Signs and symptoms of a fracture can include:

  • pain and swelling
  • bruising or discoloured skin around the bone or joint
  • the limb or affected body part being bent at an unusual angle
  • inability to move or put weight on the injured limb or body part

In most cases, the bones of the upper arms or legs are affected.

Occasionally, unicameral bone cysts may cause pain without any obvious signs of a fracture, and they may disrupt the growth of the affected bone.

Aneurysmal bone cysts

Signs and symptoms of an aneurysmal bone cyst can include:

  • persistent pain and swelling
  • a noticeable lump or deformity in the bone
  • decreased range of movement, weakness or stiffness in the affected body part
  • the skin in the affected area being warm to the touch

Most aneurysmal bone cysts affect bones in the legs, upper arms, pelvis or spine.

If an aneurysmal bone cyst develops inside the spine, it can disrupt the normal working of the nervous system and cause additional symptoms, such as:

  • muscle weakness
  • a shooting pain in the arms or legs (sciatica)
  • numbness or a tingling sensation in the arms and legs
  • problems with bladder or bowel control

Although it happens less often than in unicameral bone cysts, aneurysmal bone cysts can also sometimes cause fractures in affected bones.

When to seek medical advice

You should contact your GP if you or your child experiences persistent bone pain or any of the signs of a problems described above.

If you think that you or your child has a fracture, go to your nearest accident and emergency (A&E) department. Dial 999 for an ambulance if the injury is severe.

Treating bone cysts

Many bone cysts will eventually heal without treatment and won't cause any permanent problems.

This is particularly true of unicameral bone cysts in children, which will usually disappear around the time they finish growing.

However, treatment is sometimes necessary if the cyst is painful or is at risk of causing a fracture.

If a cyst has already caused a fracture, this will need to be dealt with before the cyst is treated - usually with painkillers, rest and a plaster cast.

Unicameral bone cysts

If the cyst is small and the affected bone is strong, you or your child may not receive any immediate treatment, but will be given regular check-ups to make sure the cyst is not getting bigger.

Surgical treatment may be recommended if the cyst does not show any signs of healing or if the bone is thought to have a high risk of fracture.
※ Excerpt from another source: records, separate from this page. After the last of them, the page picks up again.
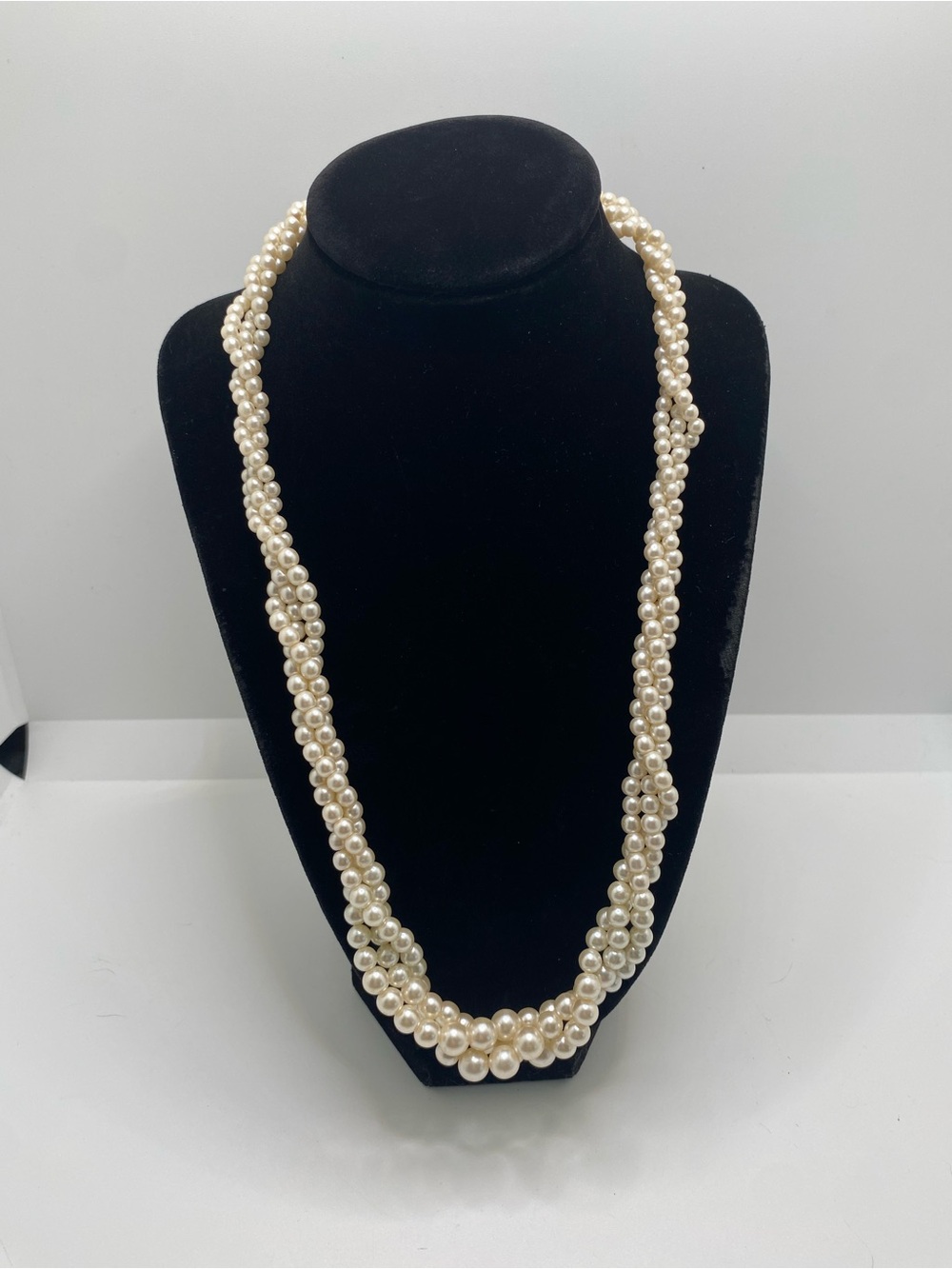 Vintage Napier Triple Strand Graduated Faux Pearl Necklace Gold Tone 22"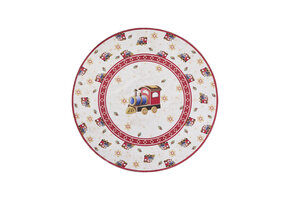 Villeroy & Boch Toy’s Delight Rond Vloerkleed Kersttrein Creme Rood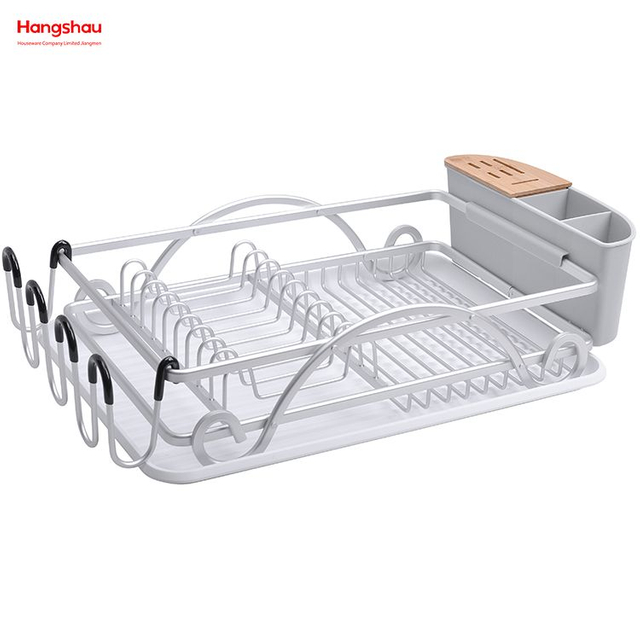 Kitchen Aluminum Stand Dish Rack Countertop Dish Rack Cup Holder Alloy Dish Rack over Sink Organizer Metal Drying Dish Tray Rack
There are three main types of surgical treatment:

  • steroid injections - where fluid is drained out of the cyst before steroid medication is injected into it; several injections may be required a few months apart to help ensure the cyst fully heals
  • bone marrow injections - similar to steroid injections, but the surgeon injects bone marrow that has been removed from another part of the body to encourage the cyst to heal
  • curettage and bone grafting - where the surgeon cuts into the bone, drains the cyst, and scrapes out the lining of the cyst; the resulting hole is then usually filled with chips of bone from another part of the body or a donor

All three techniques are carried out under general anaesthetic, which means that you or your child will be asleep during the surgery and will not feel any pain. Most people can go home later the same day, although you may need to take things easy for a few months while you recover.

In some cases, unicameral bone cysts can return after treatment, usually within a year or two. Therefore, it's likely that you or your child will have regular X-rays to assess the condition of the affected bone and check for signs of the cyst recurring.

Aneurysmal bone cysts

Aneurysmal bone cysts usually need to be treated because they don't tend to get better on their own and they can get bigger rapidly. In many cases, simple treatment such as carrying out a biopsy of the cyst will start the healing process.

If this does not work, they are treated using curettage and sometimes with bone grafting, as described above.

In some cases, additional treatments such as a procedure to block the blood supply to the blood vessels near the cyst (embolisation) or to freeze and damage the tissue of the cyst using liquid nitrogen may also be carried out.

Like unicameral bone cysts, aneurysmal bone cysts may sometimes come back after treatment. This usually happens within 18 months, if it's going to.